How so? The other thread would handle the signal from a well-defined point (reading the signalfd), and the thread that faulted would stop at the point of the fault until the thread processing the signal let it continue.


What if the stopped thread was holding a mutex? The thread handling the signalfd can only safely call async signal safe functions, exactly like a signal handler.

edit: technically of course full reentrancy (implied by async signal safety) is not strictly required, "only" a fully non-blocking implementation of every function called by the signalfd thread.


Ah, I see your concern. Right, if you called a function that took locks and then faulted, the thread handling the fault can't attempt to take the same locks.
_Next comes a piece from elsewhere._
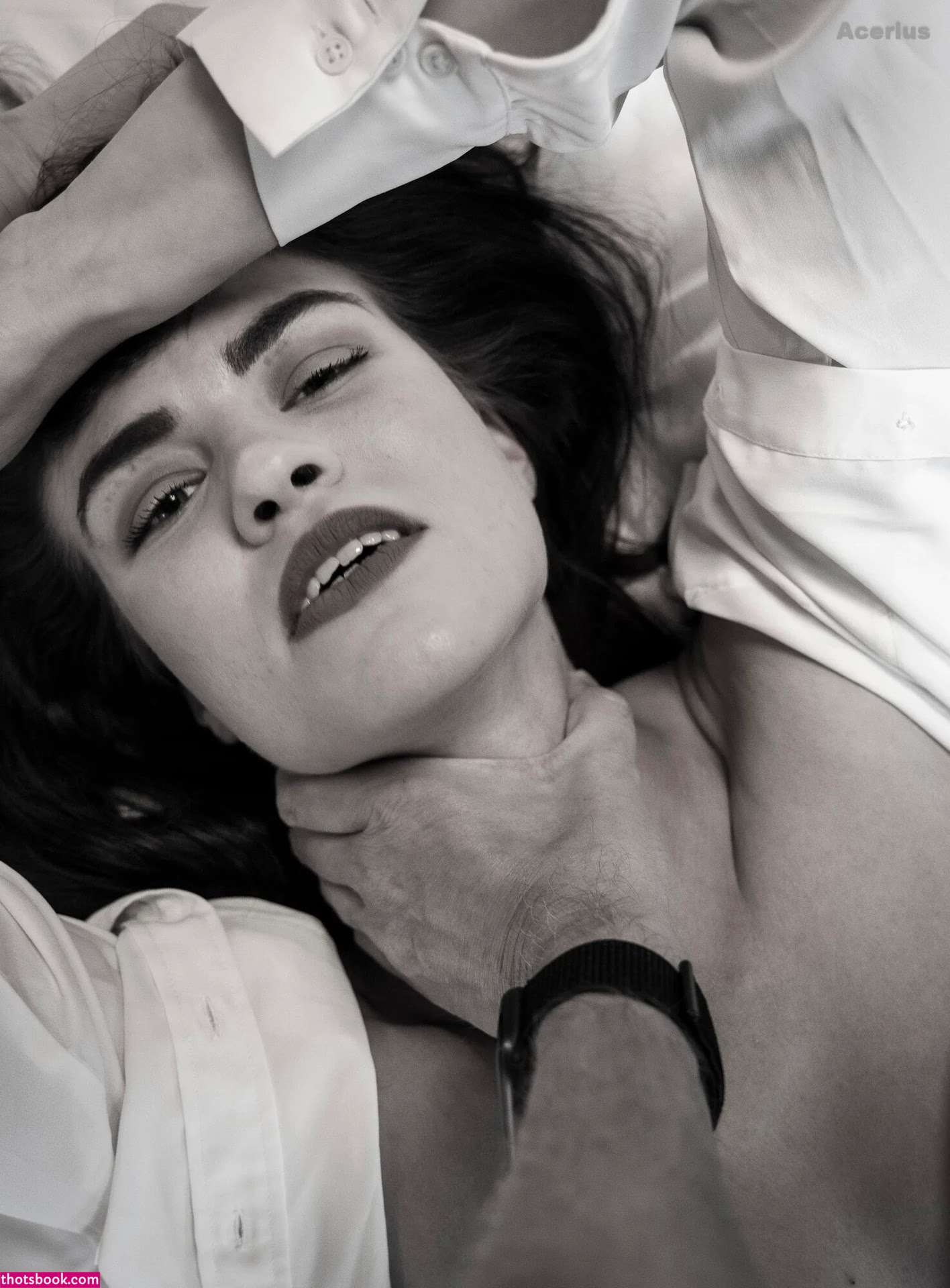 Vanessa Bartsch Photo #33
That should result in far fewer restrictions than "async-signal-safe", though.


You do not know which lock it was holding though; when handling a segfault for example you need to be pessimistic and assume that you can't touch any lock (think of the allocator lock for example).

Async signal safety implies both reentrancy and non blocking algorithms [1]. You might not need reentrancy but you do need non-blocking. That's really a significant restriction as libraries with non-blocking guarantees are rare.


Depending on the nature of your segfault handler, you could either make sure you have any data structures you need already allocated, or allocate out of a separate arena. Or, alternatively, handle the signal in another process entirely.


I.e. it is safe as long as you follow the same rules you would use in a normal signal handler :).

Out of process handling is a robust solution though.